Egypt Court Ruling May Spark Violence, U.S. Embassy Says
Protests expected to follow an Egyptian court ruling scheduled for tomorrow on a fatal soccer riot may spark “significant violence,” the U.S. embassy said.
The decision could cause disorder “through the weekend in both Cairo and Port Said,” the embassy said on its website. Americans should “carefully weigh all movements beyond residences and immediate neighborhoods, particularly avoiding the downtown area of Cairo.” British citizens were also told in a website posting by their embassy to “avoid all demonstrations and large gatherings” after tomorrow’s verdict.
The court is due to rule on 52 defendants, including police officers, on charges relating to a riot after a game in Port Said in February 2012. It’s the second ruling in the case after a January verdict when 21 people were sentenced to death.

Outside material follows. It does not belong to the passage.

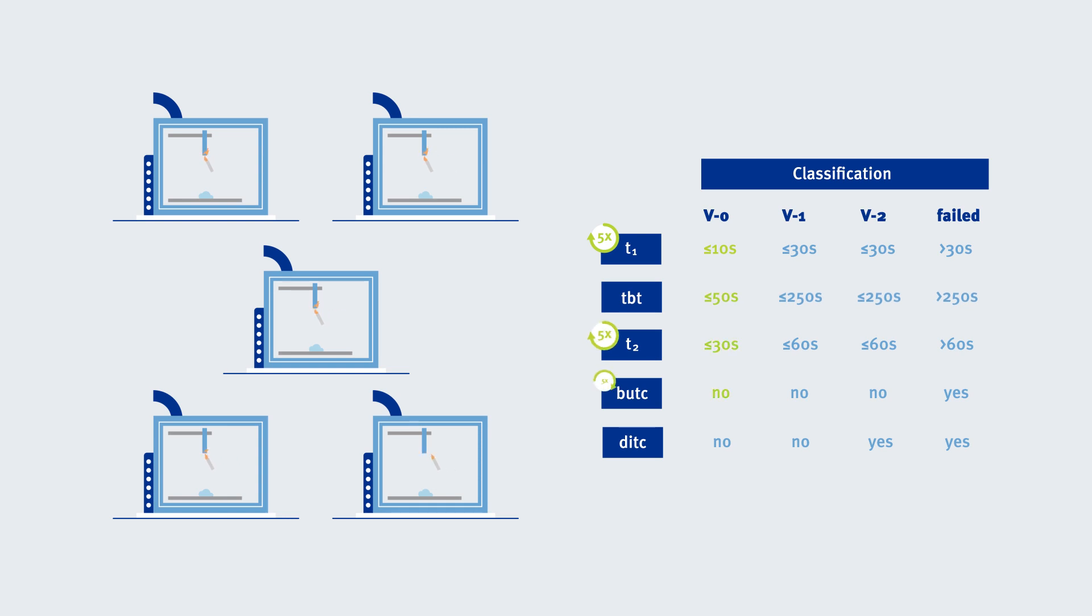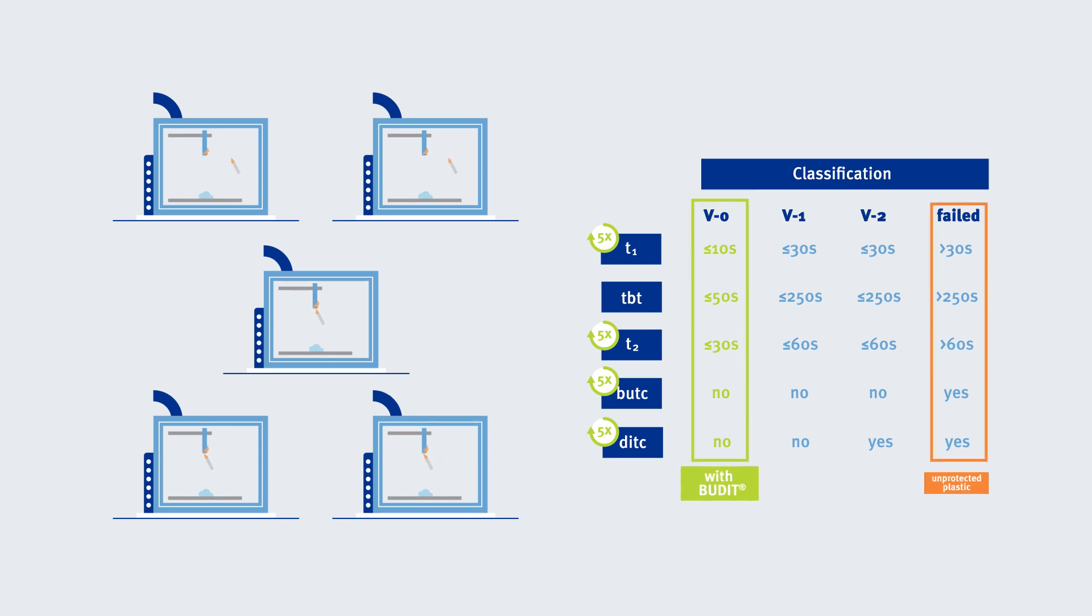T2, BUTC, and DITC are all documented five times as well, and the lowest performance decides the classification.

The case has become a focal point for anger against the Islamist-led government, which is accused by opponents of failing to reform the security services and judiciary, key demands of the 2011 revolution that ousted Hosni Mubarak. Unrest linked to the rulings has been fueling political and economic instability in Port Said, near the Sinai Peninsula, and other cities.
The court cases stem from the deaths of at least 74 people in 2012 when fans of Port Said’s Al Masry team surged onto the pitch after defeating the Cairo-based Al Ahly team, whose supporters tried to flee only to find the gates bolted.

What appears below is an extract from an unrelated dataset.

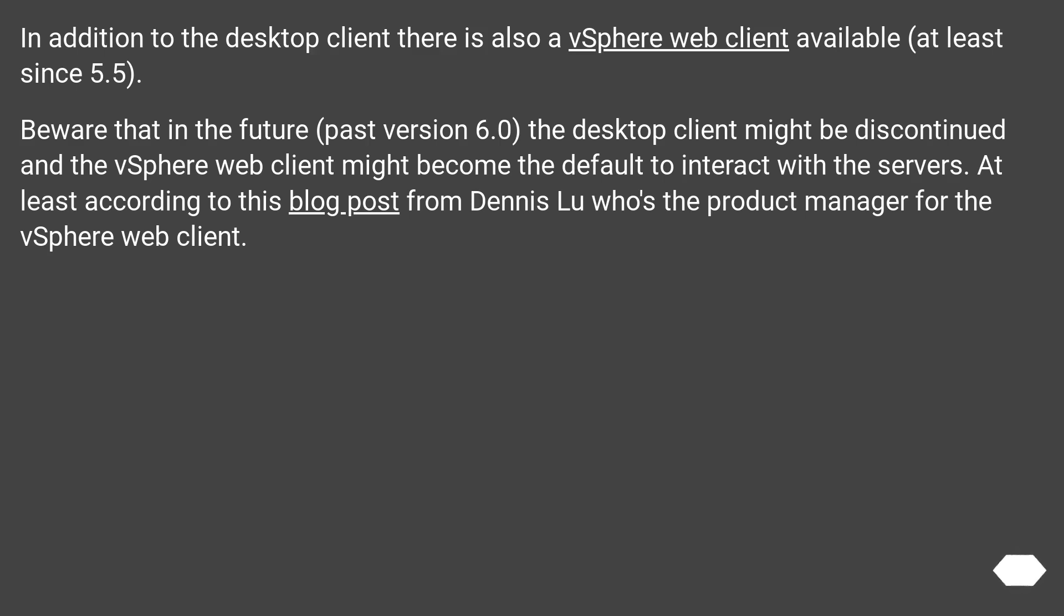In addition to the desktop client, there is also a vSphere Web Client available, at least since version 5.5.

An anti-government protester was killed and 54 injured late yesterday in Port Said, state-run Ahram Gate reported. Clashes have been continuing over the last week, leaving a total of at least six dead and hundreds injured in the Suez Canal city and neighboring provinces.
Defendants may appeal, and Grand Mufti Shawki Ibrahim Abdel-Karim, head of the country’s top religious institution, must accept or reject the rulings.
The office of the mufti said he needed more time to review more than 1,000 pages of related documentation, according to Ahram Gate.